Faktem jest również i to, że wielu z nich zginęło w obozach koncentracyjnych, ale bynajmniej nie z uwagi na swoje zasługi w ruchu oporu. Niemcy, a później Rosjanie, niszczyli po prostu inteligencję,jak leci”; większość zaś ludzi wykształconych w tamtych czasach stanowili kapłani. Poza tym, okupanci zamykali kościoły, gdyż wiedzieli, że germanizacja czy rusyfikacja,,dostanie w łeb”, bo Polacy – co jak co
– ale modlić będą się po polsku.
Zobaczmy, co dzisiaj reprezentuje sobą Kościół Rzymsko – Katolicki. Jego struktury są strukturami zwyczajnej, ludzkiej instytucji, jakich wiele. Nie ma w nim wątku nadprzyrodzonego, boskiego. Wszystko byłoby w porządku, gdyby nie nadprzyrodzona misja i cele Kościoła: głoszenie Słowa Bożego, świadectwo życia tym Słowem, nawracanie, prowadzenie ludzi wierzących do Boga. Kościół jest niczym innym, jak tylko urzędem, a księża – urzędnikami, którzy inkasują odpowiednie należności za odpowiednie usługi. Porównanie do urzędu skarbowego jest chyba najbardziej adekwatne. Gdzie tu miejsce na przemianę serc i życie Ewangelią!? Kapłani pełnią funkcję li tylko zewnętrzną, usługową
– usługi ślubne, pogrzebowe, chrzcielne; poświęcenia, pokropienia, przemówienia. Człowiek może się w Kościele pomodlić, wyspowiadać
– jak mu ciężko albo jak musi – ale nie może znaleźć przykładu autentycznej wiary ani u duchownych, ani u innych, oszukanych jak on sam. Dzieje się tak, ponieważ Kościół Katolicki kształtuje ludzi religijnych, wiernych tradycjom i papieżowi, ale nie budzi w sercach tych ludzi autentycznej wiary. Powodem są błędy doktrynalne i zwyczajowe
– prawa ludzkie, kościelne, które wyparły ustanowienia Boskie:
– nieomylność papieży (pierwszorzędne źródło wypaczeń);
– zafałszowanie faktycznych finansów, jakimi dysponują hierarchowie;
– pieniądze i majątek ponad wszystko!;
– mieszanie się do polityki i życia społecznego;
– żądza władzy i dominacji;
– bezsensowne budowanie ogromnych świątyń i plebanii;
– ingerowanie w prywatne życie ludzi, w najbardziej intymne sprawy (liczba dzieci, antykoncepcja, agitacja wyborcza);
– celibat, który demoralizuje i wypacza sumienia księży, wraz z jego dalszymi konsekwencjami (zboczenia, trójkąty z udziałem duchownych, dzieci z nieformalnych związków itp.)

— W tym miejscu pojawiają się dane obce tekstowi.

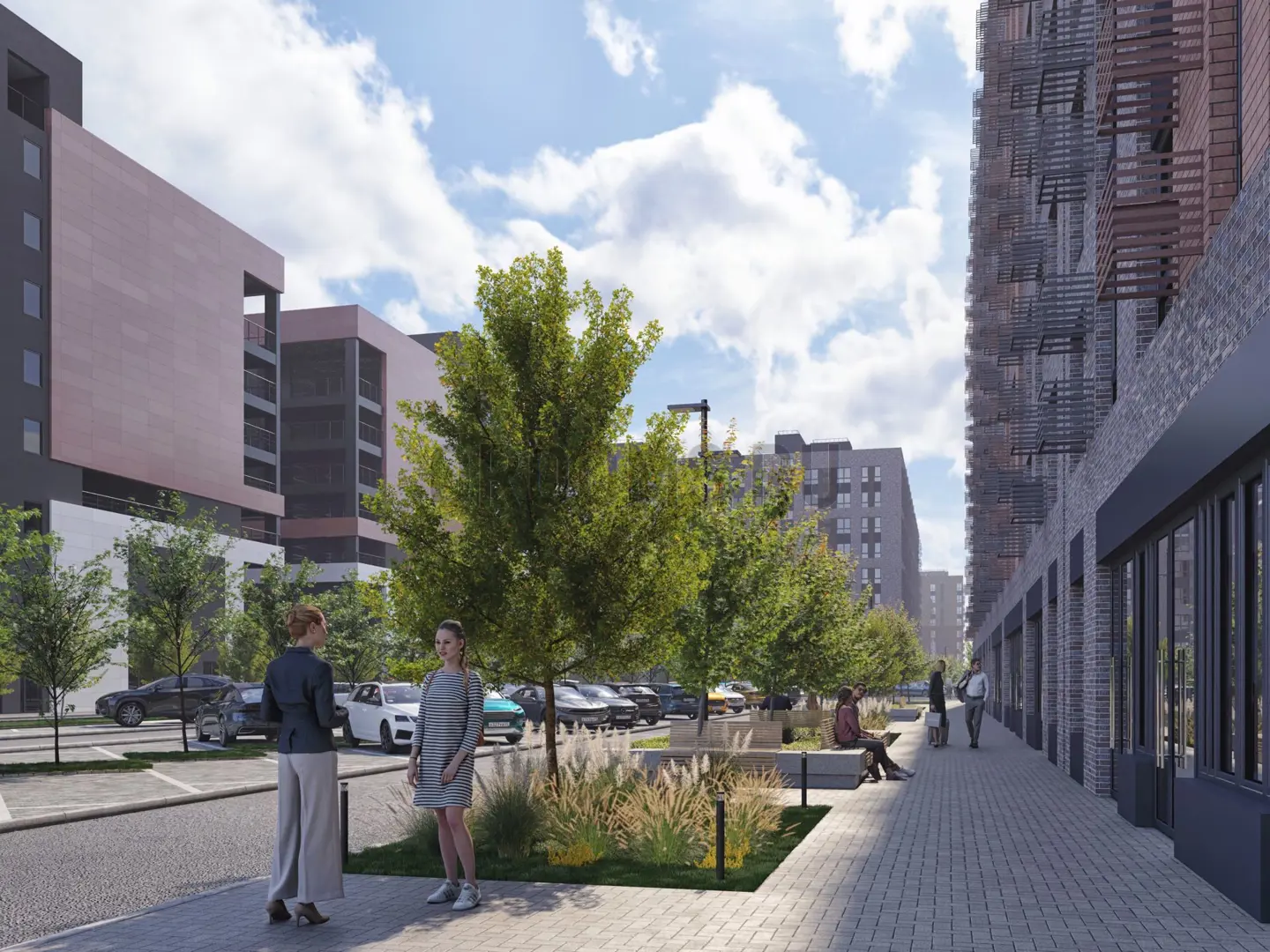 ЖК ЗЕЛЕНАЯ ТЕРРИТОРИЯ | фото 32 | id-16300 ЖК ЗЕЛЕНАЯ ТЕРРИТОРИЯ - новостройка комфорт-класса | фото 32 | id-16300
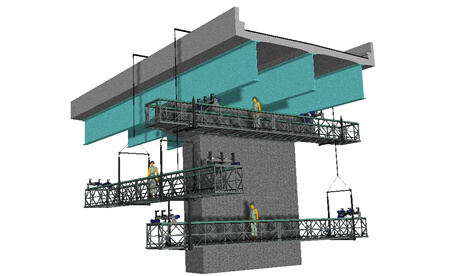 システム吊り足場施工案内KAMIYA株式会社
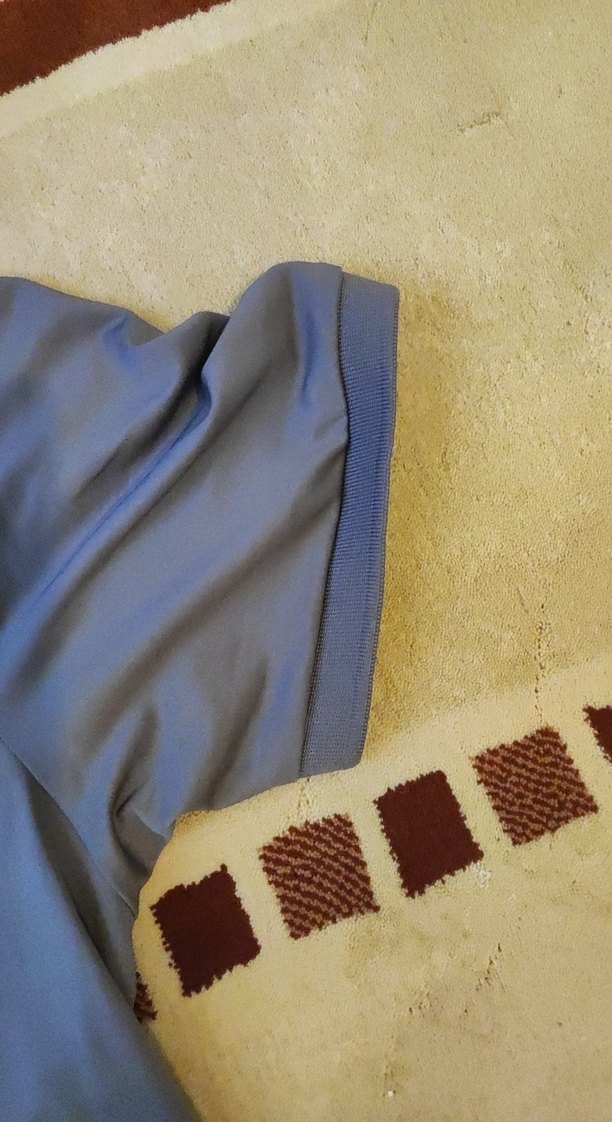 Gri Kısa Kollu Polo Yaka Tişört - Görsel 4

Cóż to za zasługa – wytrwać w celibacie! Bardziej godni szacunku są ci księża, którzy rezygnują z posługi (dającej niezłe utrzymanie) i – nie zważając na presję środowiska – zakładają rodziny, aniżeli ci, prowadzący podwójne życie w obłudzie i zakłamaniu, a takich jest ogromna większość. Denerwuje mnie, kiedy ktoś mi mówi, że ja nie wytrwałem, że byłem słabszy od innych. Przede wszystkim, nie to było powodem mojego odejścia z kapłaństwa. Swoją obecną żonę wybrałem już po zrzuceniu sutanny, choć znaliśmy się wcześniej. Poza tym, życie wbrew naturze danej przez Boga nigdy nie będę uważał za powód do dumy!